1.  **Step 1 (`Energy`):**
    *   Could be `/s/` or `/p/`.
    *   **Inference:** Must be **`/s/`** because Initial Prob for `/p/` is 0.

2.  **Step 2 (`Energy`):**
    *   Could be `/s/` (loop) or `/p/` (next).
    *   **Inference:** **`/p/`** is chosen because the transition `/s/` → `/p/` ($0.8$) is much stronger than `/s/` → `/s/` ($0.1$).

3.  **Step 3 (`Pitch`):**
    *   **Inference:** **`/ie:/`** is chosen. It has the highest emission for Pitch ($0.5$) and follows `/p/` with high probability ($0.8$).

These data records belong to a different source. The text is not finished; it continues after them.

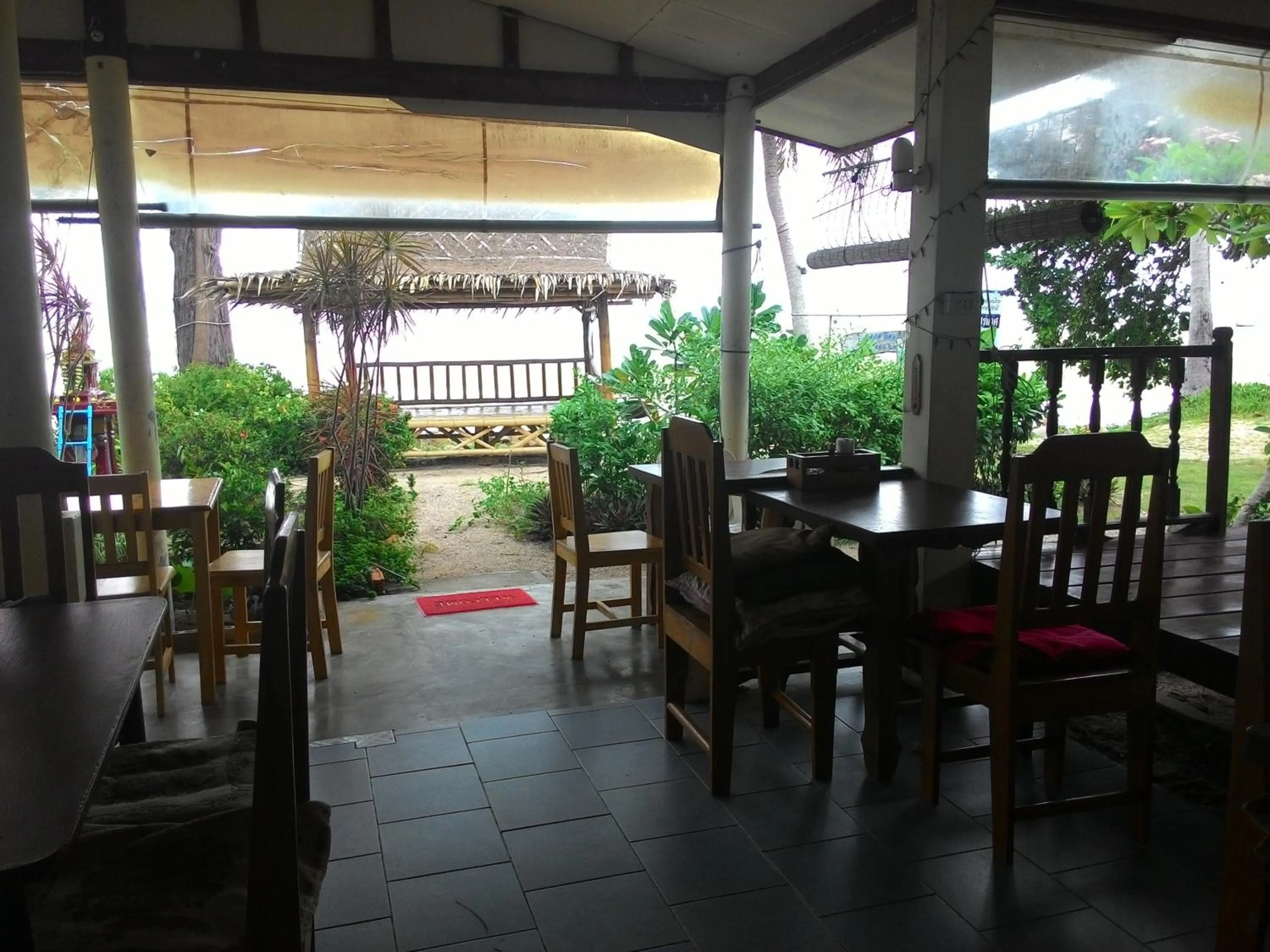 Restaurant/places to eat in Blue Lotus Resort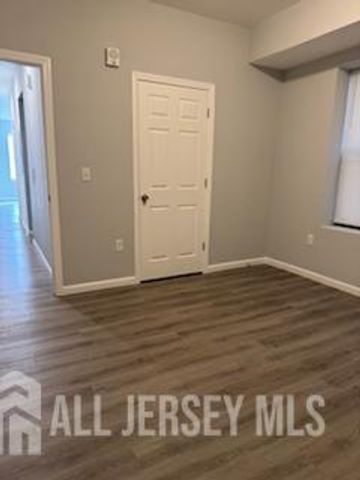 118 W 2 Street 17, Roselle, NJ 07203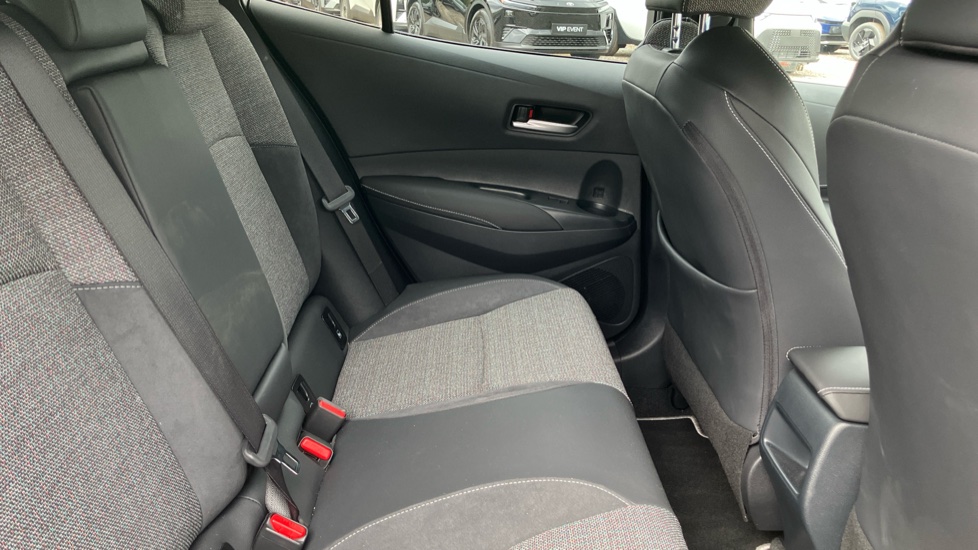 Toyota Corolla 1.8 Hybrid Design 5dr CVT Hybrid Hatchback - Image 8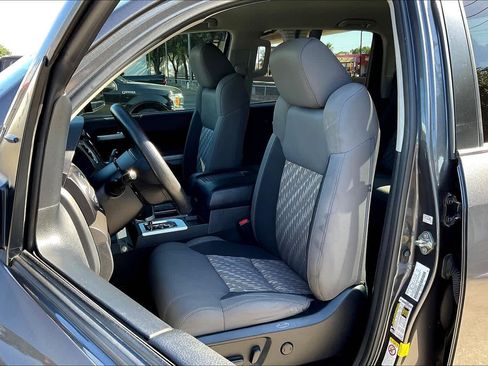 Used 2019 Toyota Tundra SR5 w/ SR5 Upgrade Package image 8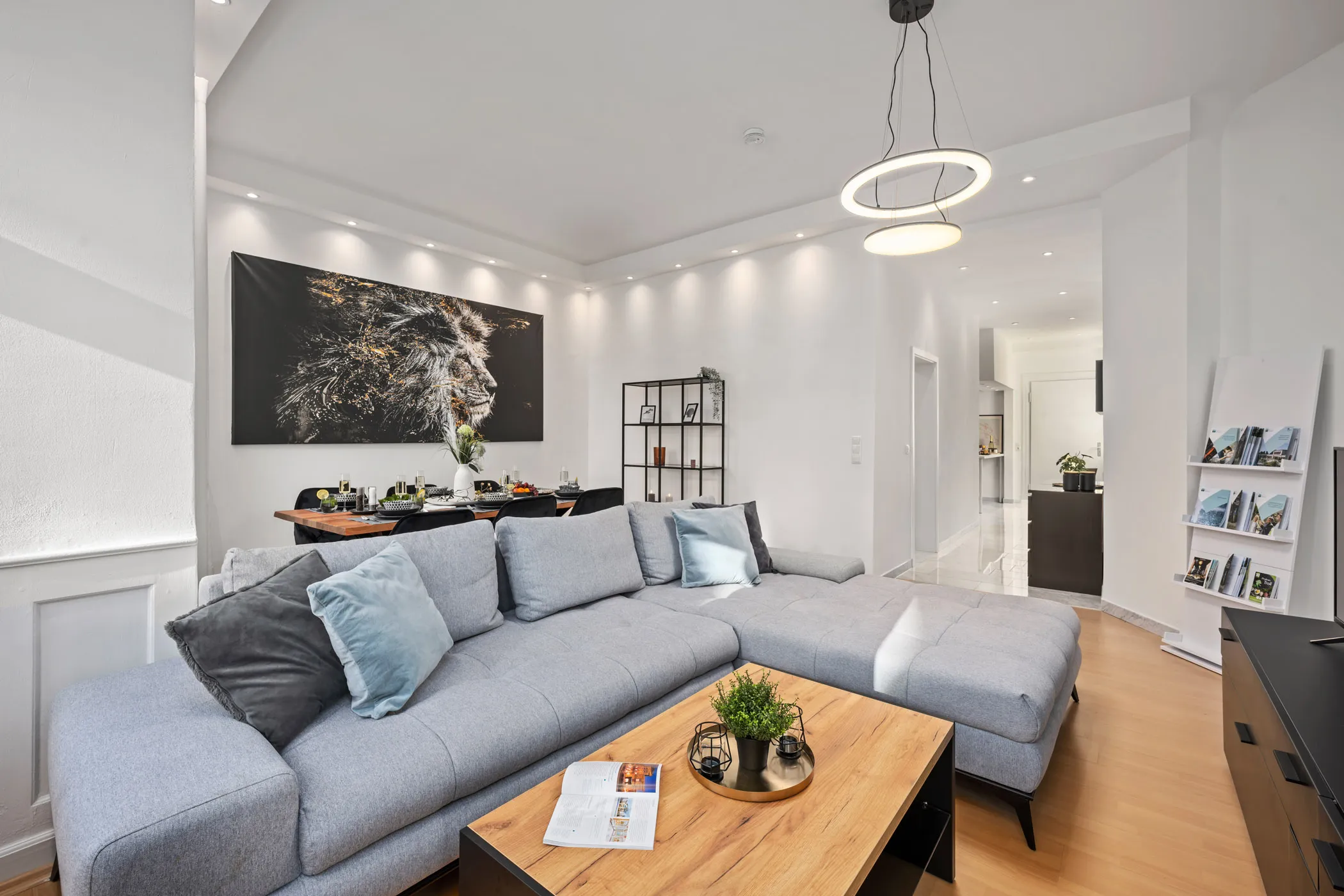 Wohnbereich mit Sofa und Löwenmotiv an der Wand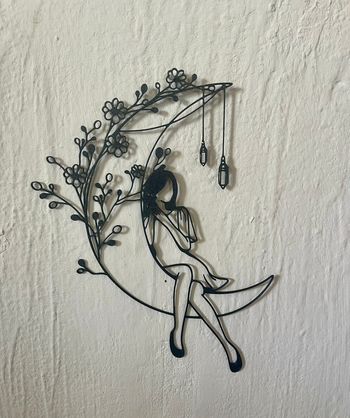 Art Mural Fille Sur La Lune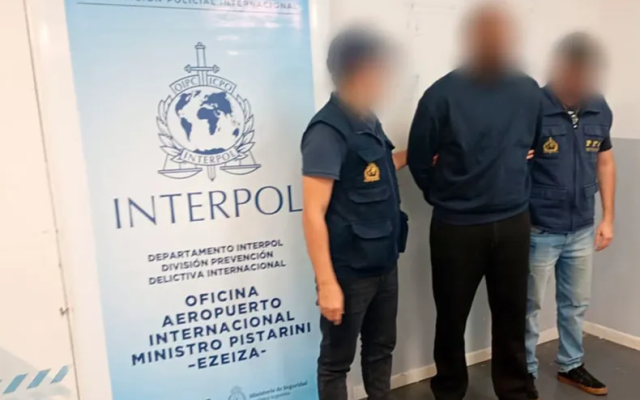 ARGENTINA: Extraditan desde Suiza a dominicano acusado de reclutar «mulas»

4.  **Step 4 (`Energy`):**
    *   **Inference:** **`/tʃ/`** is chosen. It emits Energy ($0.4$) and follows `/ie:/` ($0.8$).

### 3. Conclusion
The model successfully demonstrates how HMMs combine **prior knowledge** (transition rules) with **current evidence** (emissions) to resolve ambiguity. Even if the acoustic signal (observation) is identical for two steps (e.g., "Energy", "Energy"), the model knows that the underlying phonemes must be different (`/s/` then `/p/`) based on the learned sequence structure.
"""